Canadian superhero takes flight in True North

Comic features Canadian environmental scientist whose life is transformed when he discovers something called “red energy."

Bob Evans prepares to work on a future installment of his latest comic-book offering

Bob Evans prepares to work on a future installment of his latest comic-book offering

Anyone who knows Bob Evans knows he has a passion for comic books and superheroes.

The pastor with Sicamous’ Shuswap Community Church is known to use superhero imagery in his work (particularly Superman), and has offered his knack for comic-book artistry at numerous community events – from teaching kids how to draw, to transforming people into pen and paper superheroes.

Evans’ long love for the stories of costumed super beings, altruistically risking all for the good of humankind recently culminated in issue one of True North.

“That’s all I read when I was a kid, comic books,” said Evans. “If it wasn’t for comics, I wouldn’t have read. They were all about superheroes, or Archie, that’s why I got into comics.
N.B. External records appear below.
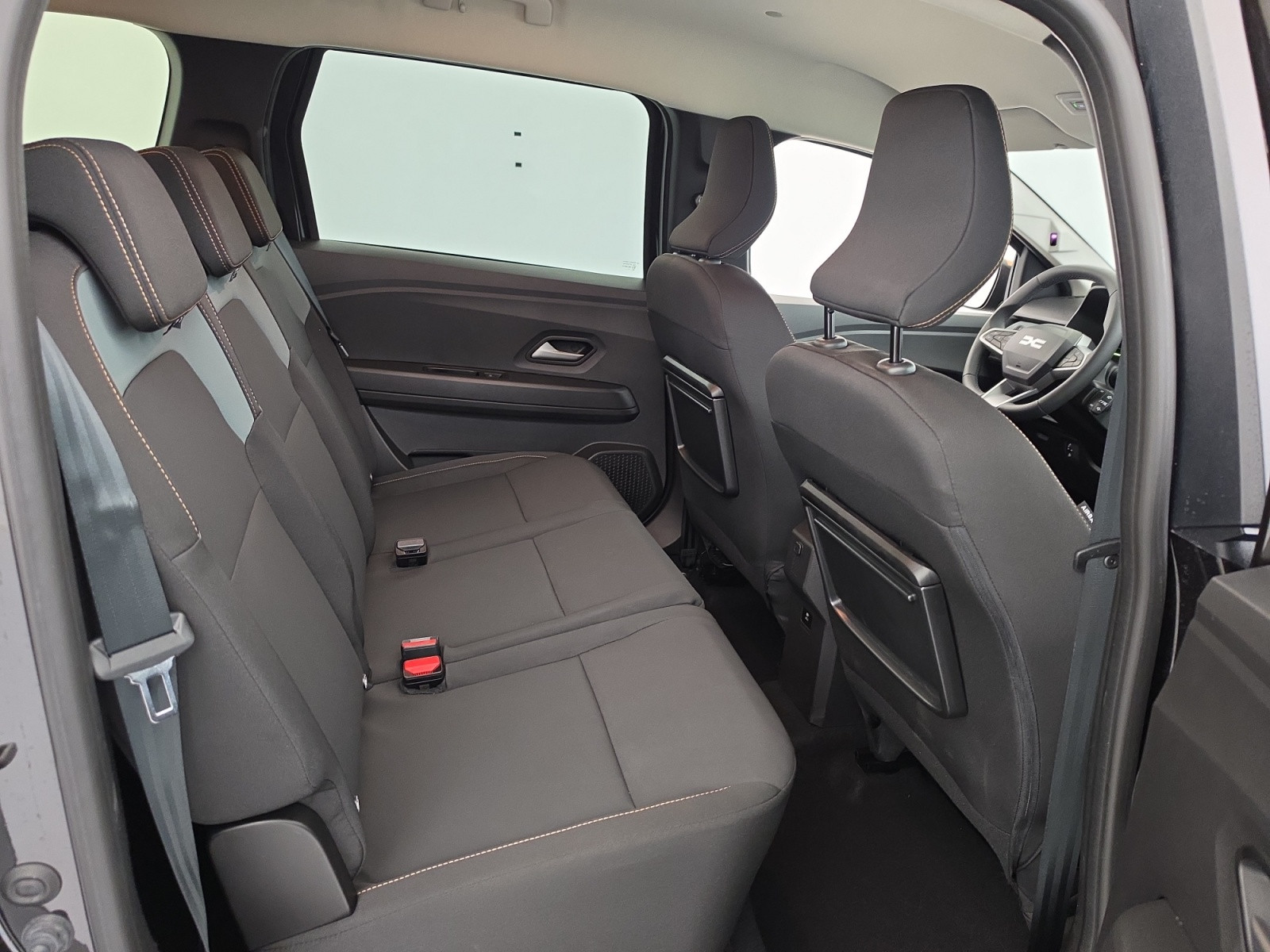 Vente en ligne Dacia Jogger  TCe 110 7 pl au prix de 22 499 €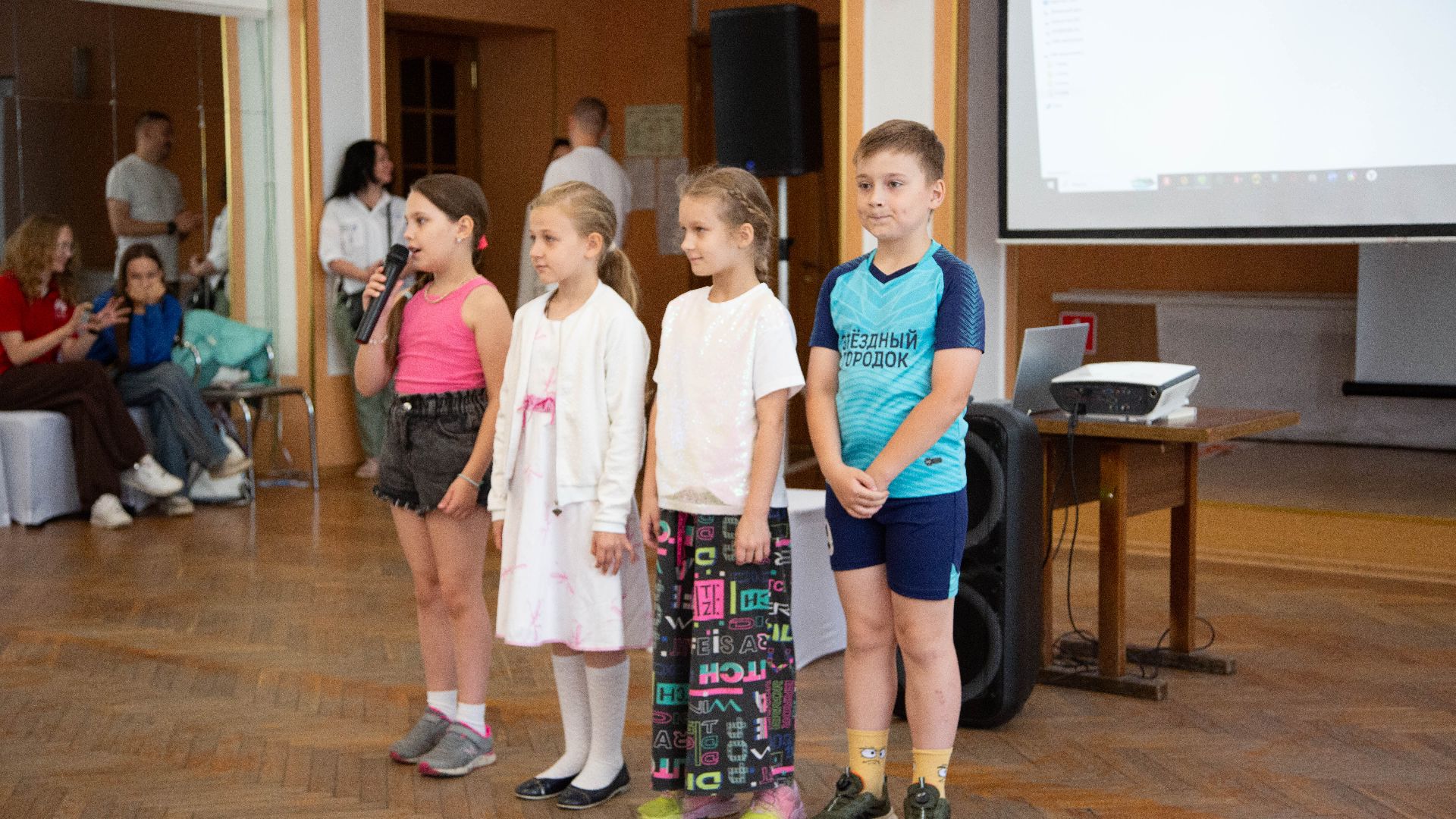 игра, команда, культканикулы, девиз, космос,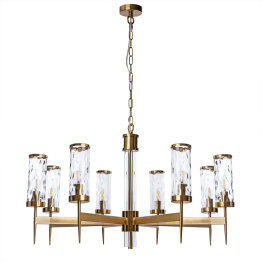 Подвесная люстра SHAM 85см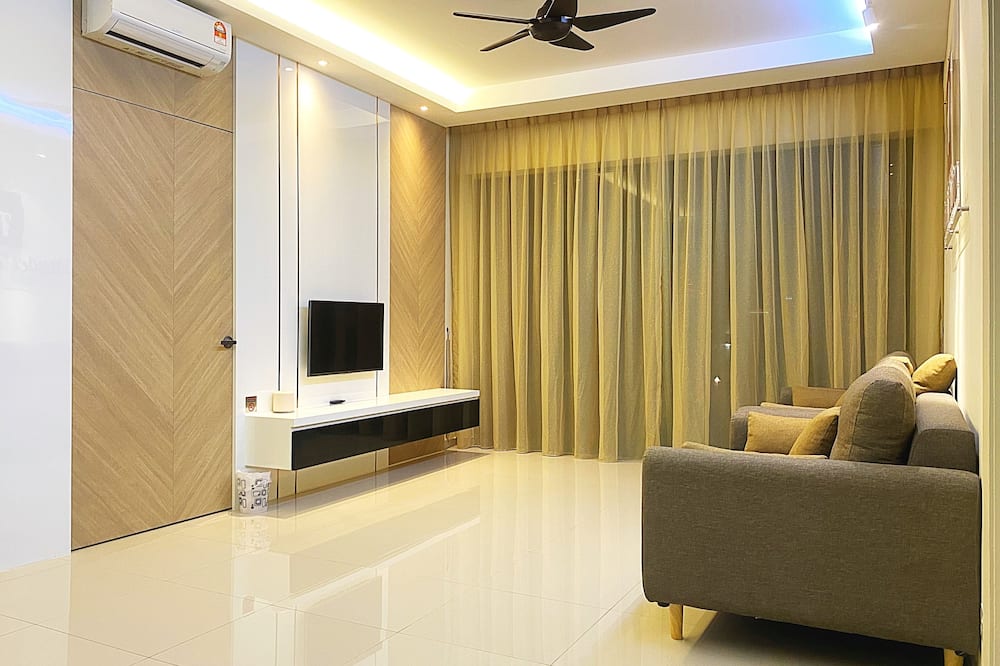 Amadel Residence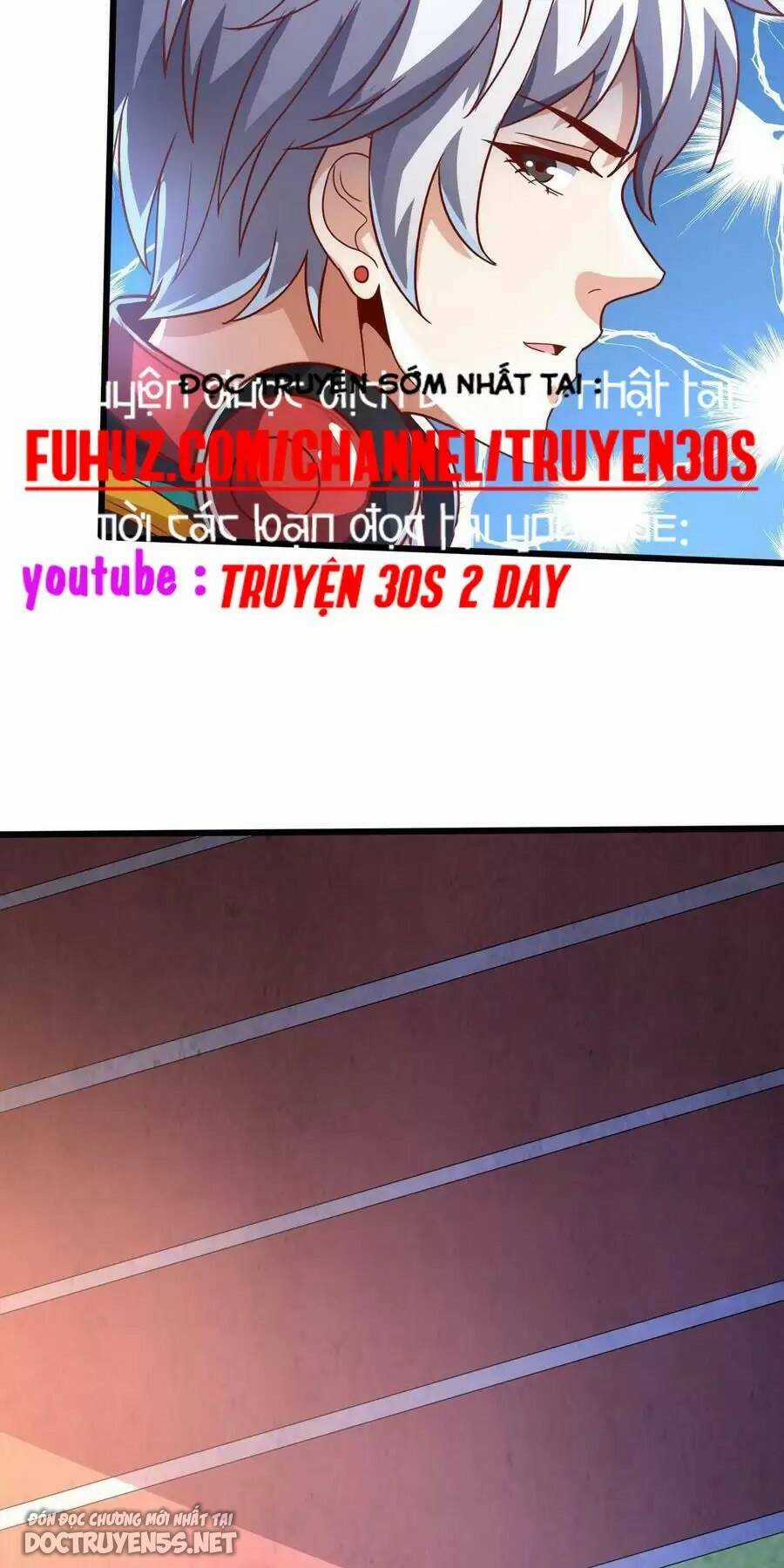 Linh Khí Khôi Phục: Ta Mỗi Ngày Thu Được Một Cái Kỹ Năng Mới Chapter 49 trang 14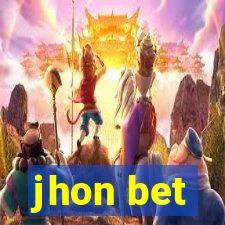 jhon bet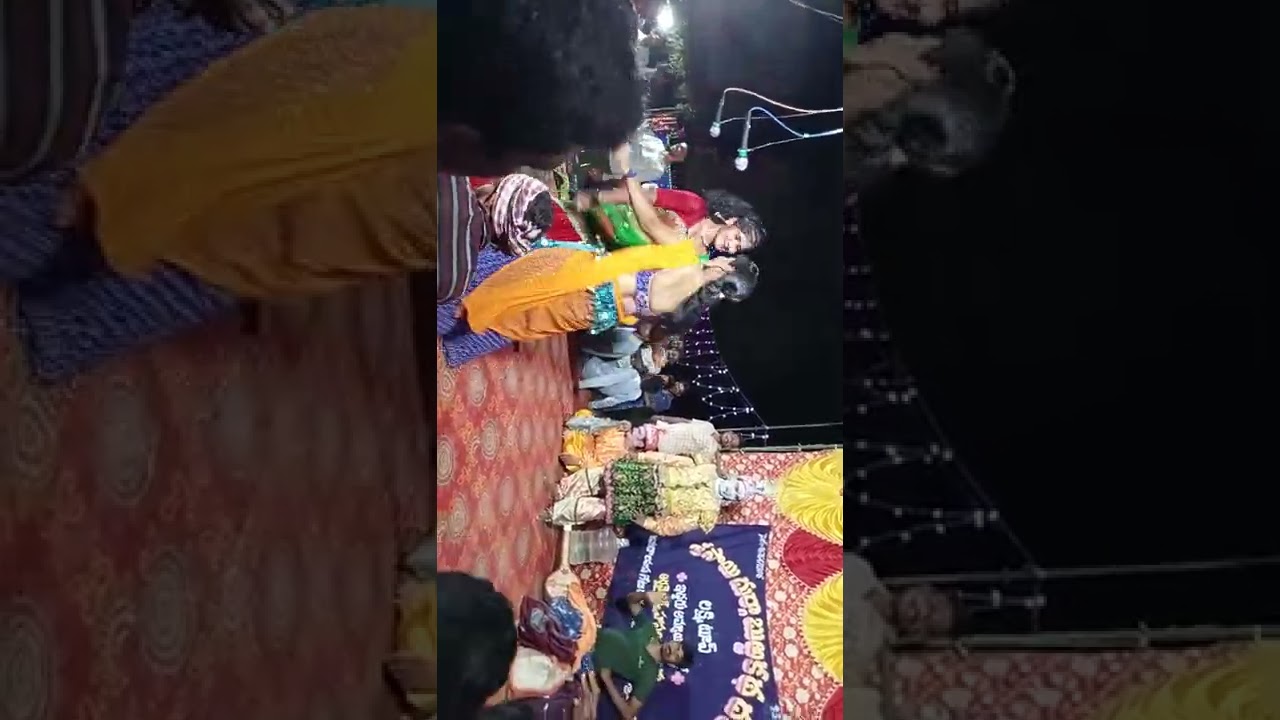 చందు బుర్రకథ ఆమదాలవలస....శ్రీకాకుళం 9676471306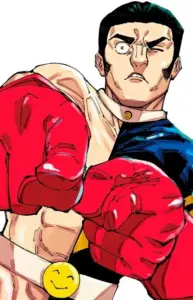 Fumihiko Takaba image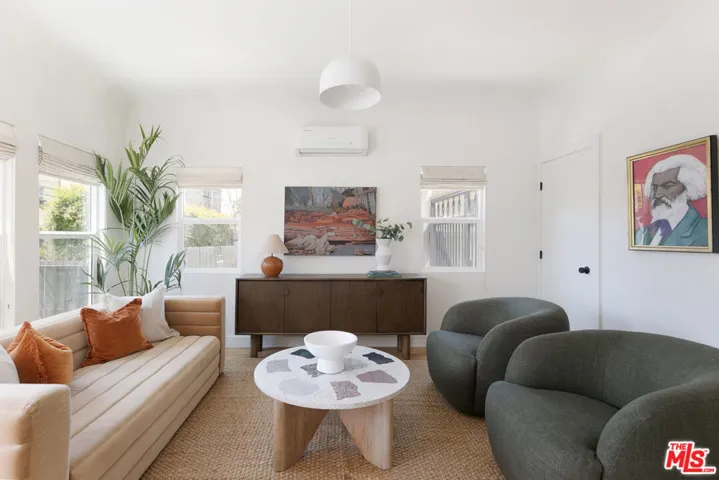 4437 Lockwood Avenue, Los Angeles, California 90029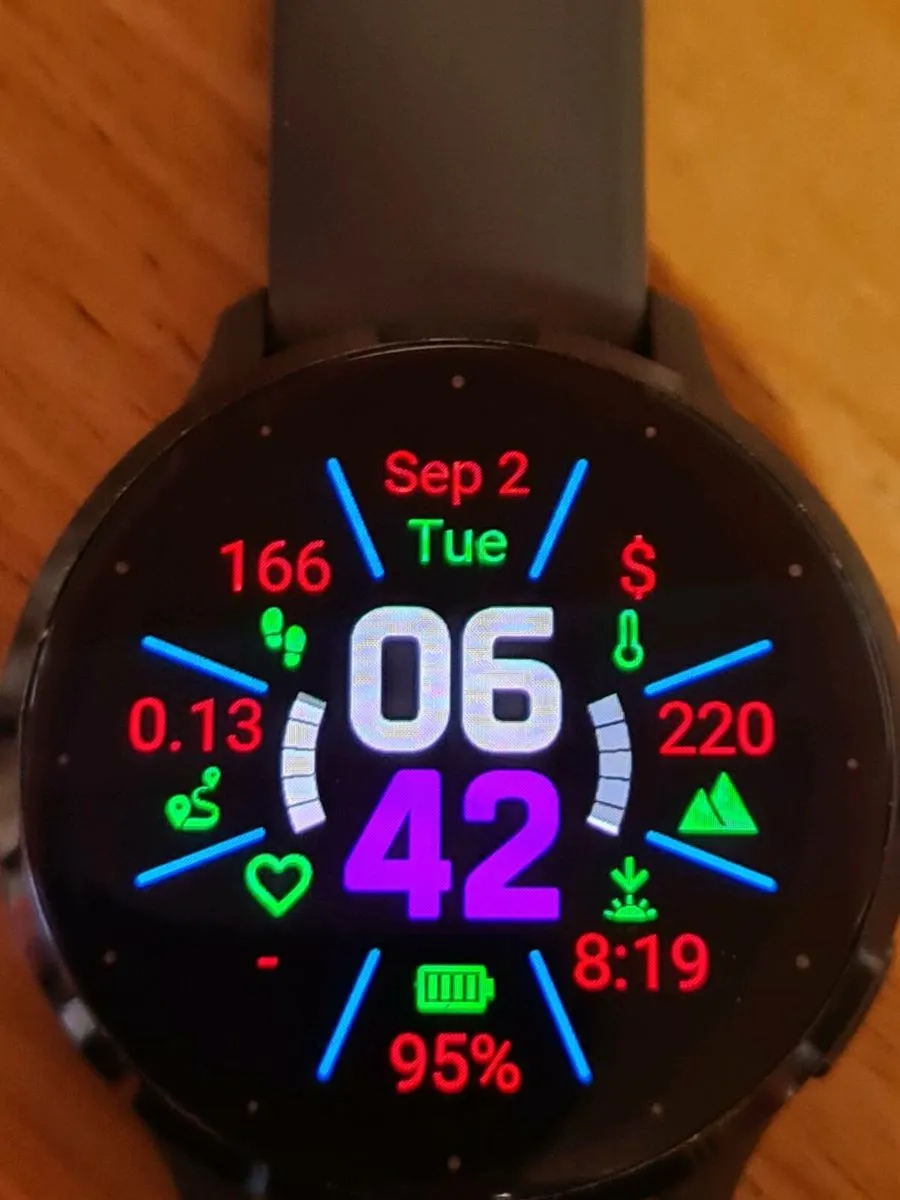 Garmin Venu 3 - Image 4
I just became addicted to the characters and started drawing my own, at a young age, on Dad’s recycled paper from the airforce and I just started inventing my own heroes.”

True North is the first comic book Evans has produced since 1997. The book features the clearly Canadian superhero Will Strong, an environmental scientist whose life is transformed when he discovers something called “red energy” deep inside a cave in the Canadian Rockies. Dressed in a red and white bodysuit similar to another classic Canadian comic hero, Captain Canuck, Strong’s alter ego, True North, uses the power red energy gives him to fight evil and, of course, save the day. In the first issue, Strong is contacted by the Canadian government to assist a selfless missionary, Lydia Stiles, whose work overseas with orphans is being threatened (as is her life) by the evil Lady Aven.

Evans says he was a fan of Captain Canuck (in part, because he shared the same last name as the first Captain, Tom Evans), as well as a slew of other supers of comics and cinema, and True North is something of an homage to all those influences.

Along with some giant robot-smashing action, the book also comments on heroism, and how people do not need amazing powers or a flashy costume to be heroic.

“I also wanted to make this comic something that kids would get a lesson out of, in virtue and in courage,” said Evans. “So, when I showed the comic to my daughter when it was done, she actually thought Lydia Stiles, the missionary helping orphans, was the cool part of the comic, not the superhero…,” said Evans. “A missionary that wouldn’t leave her post, even though she’s in danger… that’s the kind of courage I was trying to convey.”

Asked why he chose a Middle-Eastern sounding name to be the domain of Aven and her cronies, Evans says it was inspired by real-life missionaries he knows who are doing work in Pakistan and whose own lives are in danger.

“Some of them have chosen to stay, putting their life on the line to keep orphanages open, stuff like that,” said Evans. “They’re people who have a lot more courage than I have. But they’re risking their necks, it’s like United Nations aid workers that are in the Sudan right now who are risking their lives to save people from slaughter.”

Evans describes True North as a simple, light-hearted super adventure with a lesson that is geared towards youth – anywhere from kindergarten to teens.

In his youth, Evans says he had aspirations to one day work with one of two biggies in comics, Marvel or DC. He taught himself how to draw with the help of books such as How to Draw Comics the Marvel Way. At one point, he thought he would be attending the famous Joe Kubert School for graphic arts in New Jersey.

“It never happened – I got my first summer job at a church and it stuck,” said Evans. “I wanted to be a comic book artist, but when I got into church work I found that I liked it, and I could do comic book art on the side. And I think it’s kind of good because if I was stuck in an office eight hours a day I think I would get bored.”

Technology is what’s enabled Evans to put out his latest comic book. His studio consists of an iPad mini and a couple of apps, one for drawing and one that provides the frames and classic comic book effects. He says True North took four months to produce which – far less time that what it used to.

“It turned out to be 50 pages, and I’ve never done a 50-page comic in my life,” said Evans. “That shows you how much easier it is for me to get it done.”

Evans now plans to trademark his new hero, and then would like to do  a kick-starter campaign to raise enough money to mass-print his comic, all profits of which will go towards helping the Christian humanitarian organization, Compassion Canada, with their work in the Philippines.

“About a month before the comic came out, the Philippines disaster happened, and I thought well, there you go, that’s what I’ll put it towards, and Compassion is in the Philippines helping,” said Evans.

Evans plans to continue with True North as a series, adding new characters who will eventually form the team, Strong and Free.

“I think with time, if I can keep doing it, which I plan on doing because it’s fun, I’ll get better at it and the technology will get better,” said Evans.